J Can Acad Child Adolesc Psychiatry ; 32(2): 111-125, 2023 May.
Article in English | MEDLINE | ID: mdl-37181440

ABSTRACT

Background: The Unified Protocol (UP) for Transdiagnostic Treatment of Emotional Disorders is a flexible form of cognitive behavioural therapy targeting diverse mental health disorders in children and adults. Objective: The goal was to develop a brief version of UP tailored to the unique needs of young adults that could be administered in an online therapist-directed, group format. Method: Nineteen young adults (age 18-23) receiving mental health services from a community agency or a specialty clinic were enrolled in a feasibility test of the novel transdiagnostic, online intervention (five sessions, 90 minutes each). Qualitative interviews were conducted with participants after each session they attended and upon study completion (n = 80 interviews with n = 17 participants). Standardized quantitative mental health measures were collected at baseline (n = 19), end of treatment (5 weeks; n = 15) and at follow-up (12 weeks; n = 14). Results: Thirteen of the 18 participants (72%) who began treatment attended at least four of the five sessions. During the qualitative interviews, participants noted that core UP concepts such as understanding of emotions, mindfulness, cognitive flexibility, and behavioural activation are applicable in their day-to-day lives. Quantitative data showed a significant reduction in anxiety-related life impairment at follow-up compared to baseline, but not end of treatment compared to baseline. Reductions in global anxiety and depression symptoms were not statistically significant. Conclusions: This novel, brief version of the UP may be a feasible online intervention for young adults seen at mental health clinics for diverse mental health issues and warrants further study to demonstrate effectiveness.

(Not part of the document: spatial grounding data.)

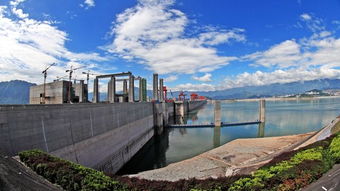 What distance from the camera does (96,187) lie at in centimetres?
737

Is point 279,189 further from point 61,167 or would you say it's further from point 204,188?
point 61,167

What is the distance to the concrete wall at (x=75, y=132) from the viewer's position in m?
10.9

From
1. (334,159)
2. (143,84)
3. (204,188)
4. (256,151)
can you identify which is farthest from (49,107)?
(143,84)

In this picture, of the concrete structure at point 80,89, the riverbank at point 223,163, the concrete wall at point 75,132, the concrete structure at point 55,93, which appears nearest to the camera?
the concrete wall at point 75,132

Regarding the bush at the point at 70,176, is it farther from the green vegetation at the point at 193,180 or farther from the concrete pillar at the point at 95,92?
the concrete pillar at the point at 95,92

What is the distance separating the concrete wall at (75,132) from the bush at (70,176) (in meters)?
2.86

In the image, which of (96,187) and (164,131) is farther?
(164,131)

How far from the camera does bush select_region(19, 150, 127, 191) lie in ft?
24.8

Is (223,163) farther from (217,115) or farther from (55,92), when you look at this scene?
(217,115)

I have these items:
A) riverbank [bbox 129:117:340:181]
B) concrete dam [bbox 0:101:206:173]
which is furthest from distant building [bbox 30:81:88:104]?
riverbank [bbox 129:117:340:181]

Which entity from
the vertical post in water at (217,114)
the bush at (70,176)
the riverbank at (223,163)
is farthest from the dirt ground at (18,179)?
the vertical post in water at (217,114)

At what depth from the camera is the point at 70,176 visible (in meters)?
7.89

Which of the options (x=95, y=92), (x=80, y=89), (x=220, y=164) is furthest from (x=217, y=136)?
(x=80, y=89)

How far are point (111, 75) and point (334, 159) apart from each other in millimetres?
47595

Contexte: Le protocole unifié (PU) pour le traitement transdiagnostique des troubles émotionnels est une forme flexible de thérapie cognitivo-comportementale ciblant divers troubles de santé mentale flexible chez les enfants et les adultes. Objectif: Le but était d'élaborer une version abrégée du PU adaptée aux besoins uniques des jeunes adultes qui pourrait être administrée à un format de groupe en ligne dirigé par un thérapeute. Méthode: Dix-neuf jeunes adultes (18­23 ans) recevant des services de santé mentale d'un organisme communautaire ou d'une clinique spécialisée ont été inscrits à un test de faisabilité de la nouvelle intervention transdiagnostique en ligne (cinq séances, 90 minutes chacune). Des entrevues qualitatives ont été menées auprès des participants après chaque séance à laquelle ils ont assisté et à la fin de l'étude (n = 80 entrevues avec n = 17 participants). Les mesures de santé mentale standardisée quantitative ont été recueillies à la base (n = 19), à la fin du traitement (5 semaines; n = 15) et au suivi (12 semaines; n = 14). Résultats: Treize des 18 participants (72 %) qui ont commencé le traitement ont assisté à au moins quatre des cinq séances. Durant les entrevues qualitatives, les participants ont noté que les principaux concepts du PU comme la compréhension des émotions, la pleine conscience, la flexibilité cognitive et l'activation comportementale sont applicables dans leur vie quotidienne. Les données quantitatives indiquaient une réduction significative dans les troubles de la vie liés à l'anxiété au suivi comparé à la base, mais pas à la fin du traitement comparé à la base. Les réductions de l'anxiété générale et des symptômes de dépression n'étaient pas statistiquement significatives. Conclusions: Cette nouvelle version abrégée du PU peut être une intervention faisable en ligne pour les jeunes adultes vus dans des cliniques de santé mentale pour divers problèmes de santé mentale et demande plus d'étude pour en démontrer l'efficacité.

SELECTION OF CITATIONS
SEARCH DETAIL
...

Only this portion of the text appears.